The main functions of District Industries Centre are:
District Industries Centre identifies the entrepreneurs and renders all assistances by co-ordinate efforts with line departments to commission the small-scale industrial units chosen by them. The motivation conducted yields the result of desire by changing the students population as entrepreneurs. There are many agencies providing avenue for development of entrepreneurship including Government. The District Industries Centre, Pudukkottai conducts motivation campaigns in all the Blocks with the assistance of Panchayat Presidents and also for the final year students of colleges of Engineering and Arts, Polytechnics and also Industrial Training Institutes. Likewise seminars on specific areas namely Information technology, silk weaving, etc. are being arranged in co- ordination with the voluntary organisations. The motivation and seminars done at grass root level creates a desire among the student population to choose self-employment opportunity instead of waiting for wage employment.
Government of Tamilnadu has announced a scheme to train 5 Lakhs women in entrepreneurial skills for self-employment.
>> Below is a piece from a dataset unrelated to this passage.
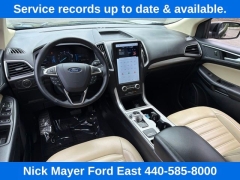 Used 2024  Ford Edge SEL AWD at DriveNow Mayfield near Mayfield Heights&comma; OH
The Tamilnadu Corporation for Development of Women Limited, Department of Industries and Commerce, Tahdco , and Departments of Agriculture, Backward Classes and Rural Development are the implementing agencies of this scheme. The Industries and Commerce Department has been allocated a target of 25,000 women per year for training in 5 years working out to 1,25,000 women in 5 years. This being the 3rd year of implementation , District Industries Centre ,Viluppuram, will impart training for 950 women.
It is planned to conduct the EDP training to 400 women under BPL (Below Poverty Line) from the credit rated SHG (Self Help Groups) and 360 technically qualified women. On completion of the EDP training, follow up may be done to provide them with credit linkages.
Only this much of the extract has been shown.